The jist of what I am reading in many of these posts and linked articles is that colleges that are not in the top tier had better accept the fact that they are mediocre and not dare to try and improve. The elite colleges, and their alumni, will not tolerate any newcomers and will do anything and everything to denigrate them if they try to rise. The 1% of higher education has no room for poseurs.
Also that Boston Magazine article has to be the most linked article here on CC.
@Dustyfeathers Did you mistype or am I missing something? When did Harvard become test optional?
^I was going to ask same thing. It’s not on any test optional list.
Those were very interesting articles, this is my first year in college search mode for my children so I had no idea the rankings were so often manipulated. The expense to families in this test competition can’t be understated, I’ve spent probably $1,000 on test prep for my daughter between tutors and online prep programs for sat and act, as I’m sure most parents of fairly competitive students are doing. I live in a state where the college climate is so competitive, even getting in to a second tier mid level state school requires pretty impressive stats. Here in California budget cuts have hit hard, so universities have been making up that shortfall by recruiting out of state and international students at full pay and admitting them on lesser criteria than in state applicants further compounding the problems.

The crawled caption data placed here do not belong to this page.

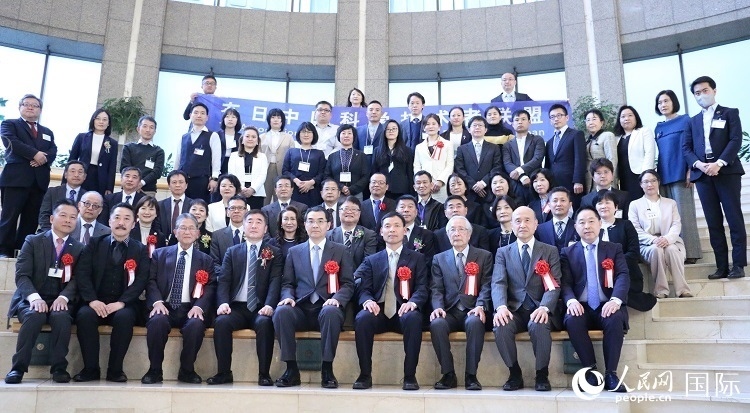 到場(chǎng)嘉賓與中國(guó)駐日本大使吳江浩合影留念。人民網(wǎng) 許可攝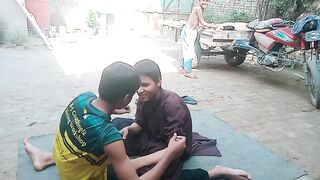 ان میں سے کون کھلاڑی ہے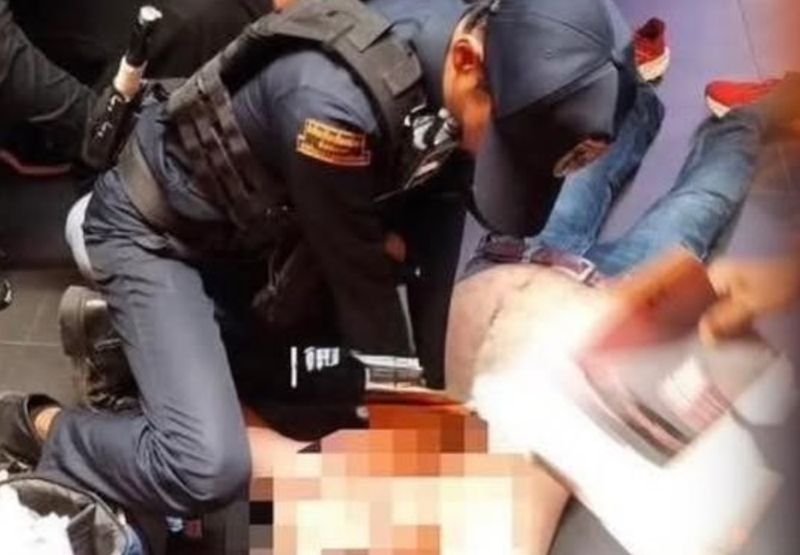 Ein 30-jähriger indischer Tourist ist am frühen Morgen des 12. Mai 2026 in einem Unterhaltungslokal auf der Pattaya Walking Street in Chon Buri zusammengebrochen und gestorben. Rettungskräfte und medizinisches Personal waren sofort zur Stelle. Wiederbelebungsversuche vor den Augen schockierter Touristen und Angestellter blieben erfolglos; der Mann wurde noch am Unglücksort für tot erklärt.
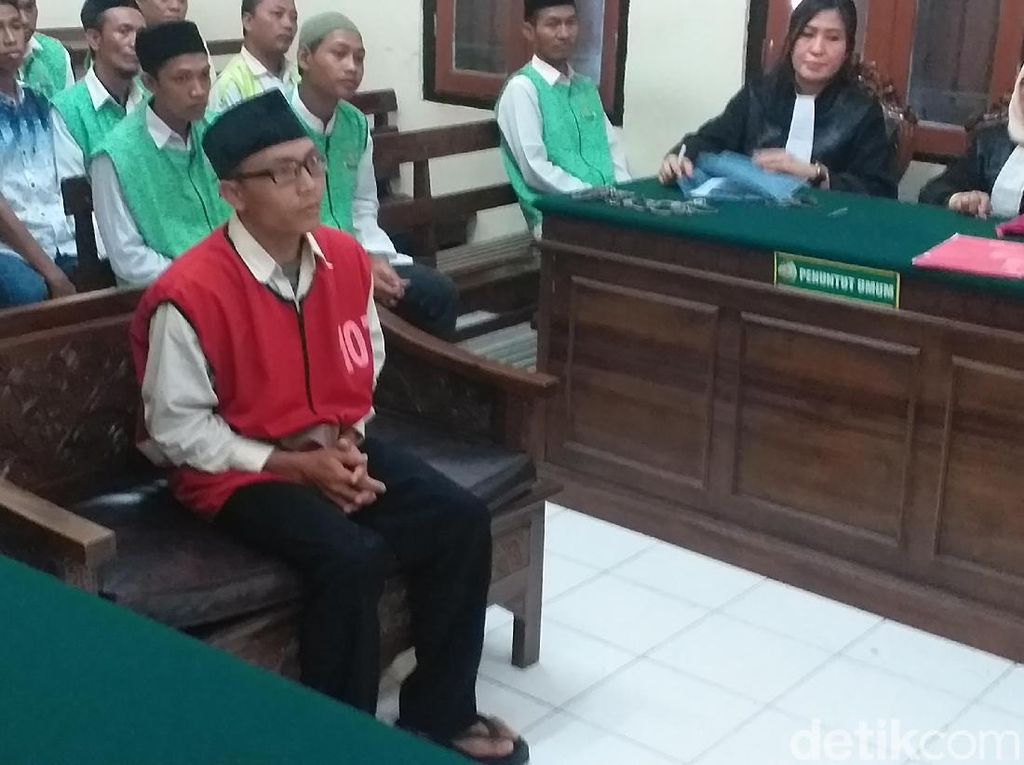 Begini Aturan Kebiri Kimia Guru Ekskul di Surabaya yang Sodomi 15 Siswa Begini Aturan Kebiri Kimia Guru Ekskul di Surabaya yang Sodomi 15 Siswa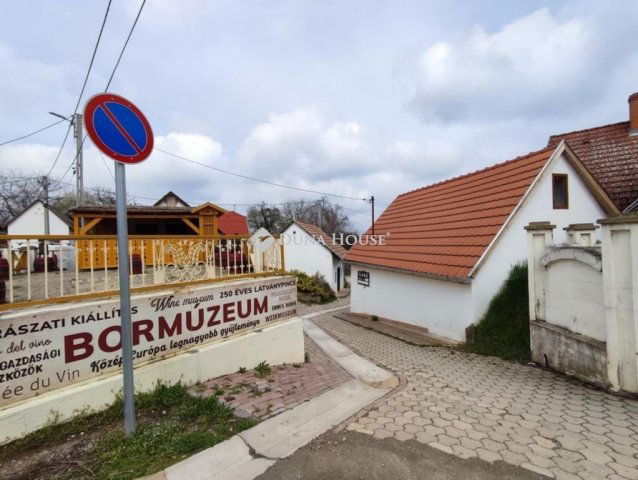 Eladó ipari ingatlan, Villányban 24.9 M Ft / költözzbe.hu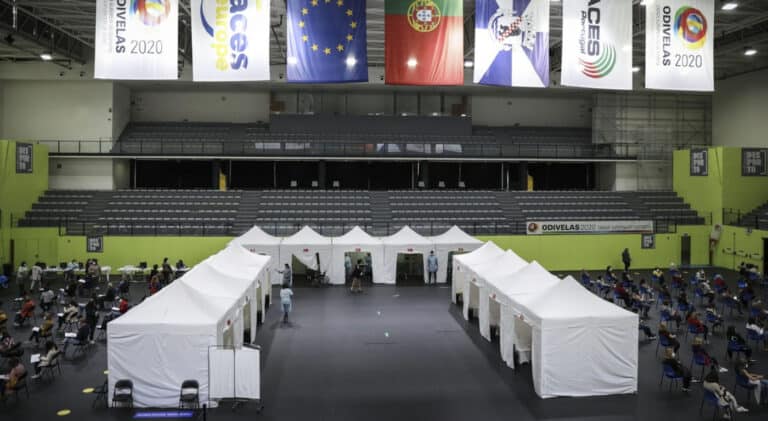 Vacinação em massa vai precisar de 5.200 profissionais de saúde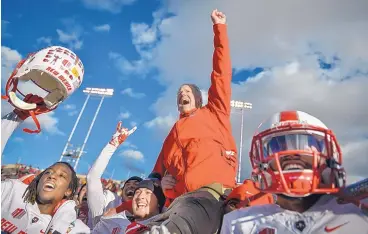  ?? ROBERTO E. ROSALES/JOURNAL ?? Bob Davie is carried off the field after the Lobos defeated UTSA to win the New Mexico Bowl in 2016.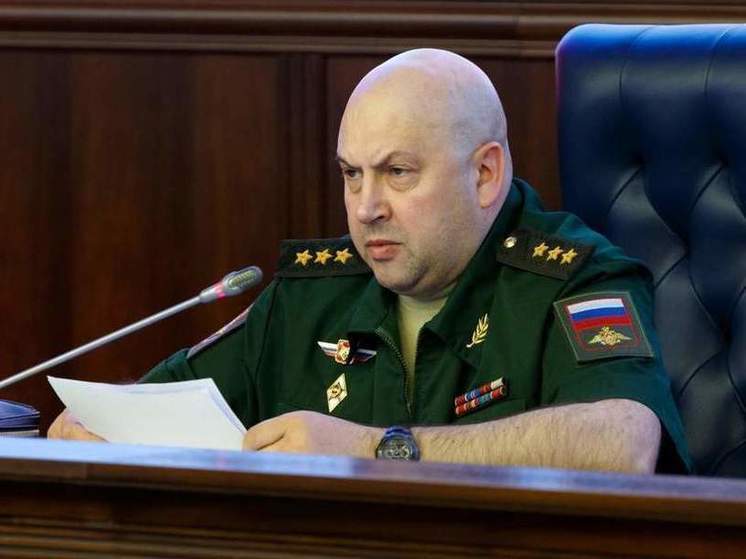 Точное местоположение генерала из Новосибирска Суровикина установили по одному снимку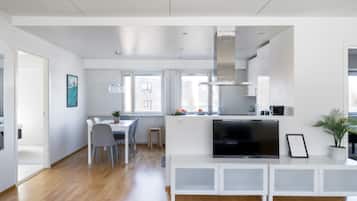 Apartamento estándar, 3 habitaciones, balcón | Zona de estar | Televisión de pantalla plana de 39 pulgadas con canales por cable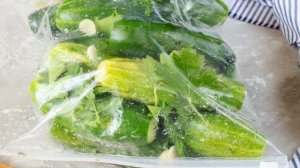 Малосольные огурчики с зеленью в пакете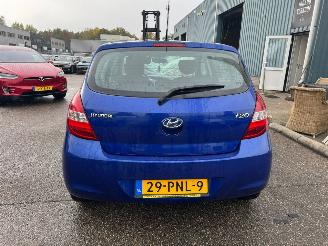 Hyundai I-20 1.2i i-Motion picture 4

@TomSrOfBoston writes ‘The elite colleges, and their alumni, will not tolerate any newcomers and will do anything and everything to denigrate the new ratings, if they try to rise.’ Agreed. And for all the anticipation about the recent ratings, the ranking for nearly every college barely budged. Nor will it next year, or the next. You can go back 30 years or so and see a few have fallen, like UCal and Reed (though neither is a ‘worse’ school today), but the list is remarkable consistent over time.
And I am glad for that consistency. If I am paying 100K, 200K, or more, for an undergrad education, I don’t want my daughter’s alma mater to bounce up and down in the ratings every decade or so, like D1 football teams. (I remember when Nebraska or Notre Dame seemed to be #1 every year). Especially if she is going from NC to a great school like Santa Clara or Lawrence, that almost nobody we know has heard about. We’d like to be confident knowing that rep will remain solid for employers and grad schools and anyone (like me) obsessed with the ratings.

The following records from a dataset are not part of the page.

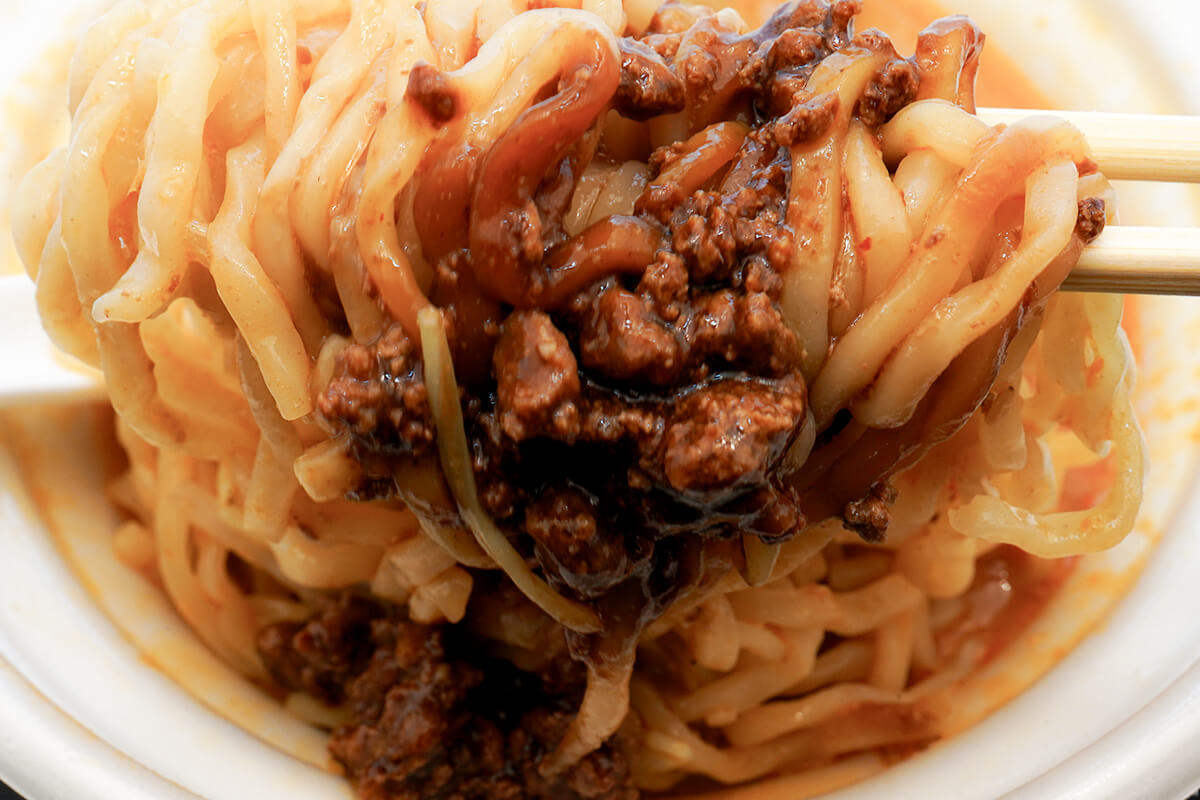 セブンイレブン飯田商店監修担々麺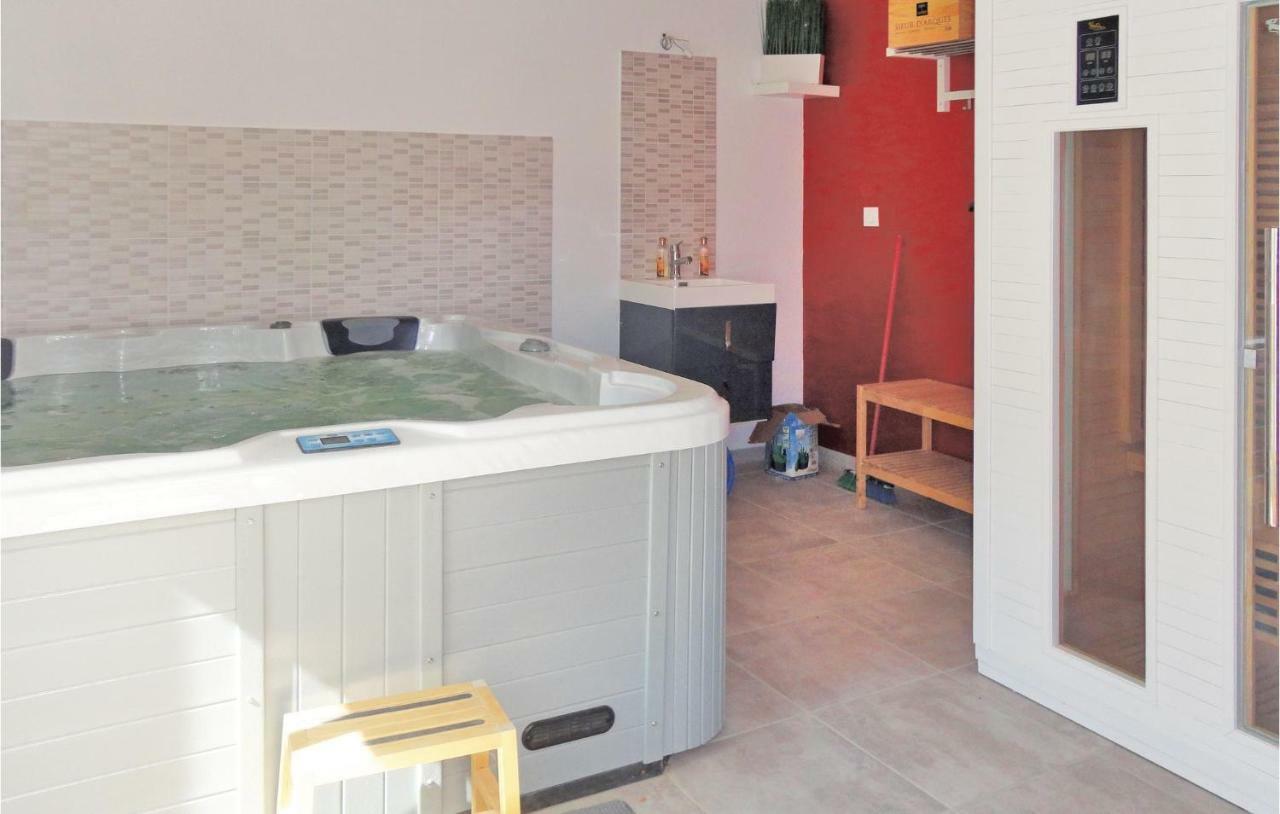 2 Bedroom Amazing Home In נרבון מראה חיצוני תמונה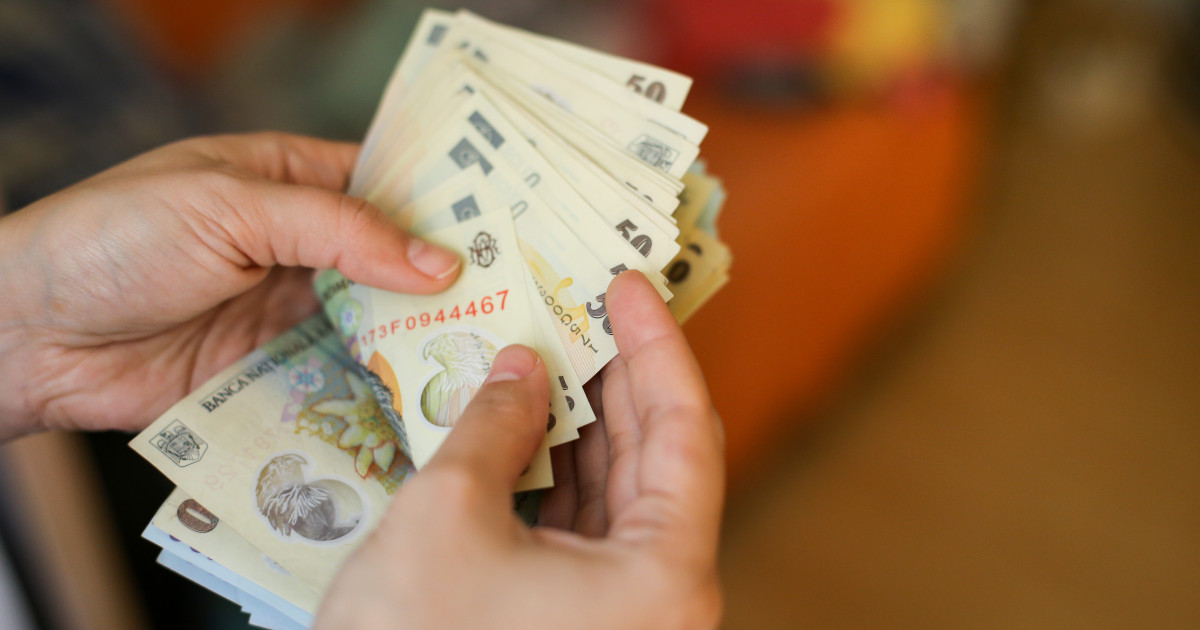 Ce se întâmplă dacă nu ești acasă când vine poștașul cu pensia. Termenele stabilite de CNPP pentru ridicarea banilor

One more thought on this, reading the studies that support why some colleges are going test optional- it would seem obvious to me as a mom that my daughter’s sustained effort over four years would be a greater indicator of college success than her ability to perform one day on a standardized test. I hope the sat and act scores aren’t the thing that hold her back from getting into a decent college. If anyone knows of other schools that don’t put a big weight on test scores in the admissions process that would be great to know as well.
@socalmom007 Colleges know that HS GPA is a better indicator of college success than the scores. That’s the most legit reason for TO policies. Grades are nearly impossible to quantify across various schools, due to different weighting, rigor of HS, grade inflation. SAT and ACT scores are also influenced by retakes, tutoring, and parental income, among other things. But they are at least consistent in the way they are reported. A 30 is a 30.
There are dozens and dozens of great TO schools to consider!
List of schools that admit students without standardized test scores: http://www.fairtest.org/university/optional
*note - some schools may still require tests for reasons such as placement or merit consideration
I totally get what you’re saying. It just makes me sad for my daughter. I’m a great test taker, I always got top scores on standardized tests. My husband is a horrible test taker. In the end we both have degrees from the same university, we both have graduate degrees and he’s gone on to be highly successful. My daughter will graduate this year from a top rated, highly competitive high school with honors (over 4.0 wgpa). She wants to study statistics and mathematics, she has a 5.0 in high school mathematics. One would hope that counts for something.
That’s the point of TO: her grades, rigor, math-sci activities, etc, will show how she actually operated, thru high school. Combined with the rest of the app and supps, she makes a “self presentation.”
There are kids with sky high test scores whose HS gpa’s don’t reflect their abilities either- school doesn’t weight music or art or language classes, so a kid who has strengths in those areas look like slackers even if they are not. There are kids who refuse to participate in the “if you make a nice cover on your history paper you get extra credit” game that is played in some HS’s and so their GPA’s (relative to their classmates) don’t reflect their abilities.
The deck isn’t stacked against those who are poor test takers- those kids can apply to a bunch of TO’s. Kids with strong scores and less strong GPA’s need to be selective in their application strategy as well.
Lots of reasons to be glad for holistic admissions- the US is not like other parts of the world where one test in 8th grade determines whether you are college material or not, depending on how you get tracked!
Indeed, I see no reason to feel sad. If she couldn’t sing well, would you also feel sad? Standardized test taking (of the American variety) is just one aspect and not a required one in order to get a good education in the US.
The University of California, though not test optional, tends to weight SAT and ACT scores less relative to other academic indicators like course rigor and grades than many other schools.
Non impacted majors at non impacted California State University campuses are test optional for California applicants with 3.0 or higher GPA.
If she wants to study math or statistics, Sarah Lawrence is a poor academic fit due to limited offerings in those areas.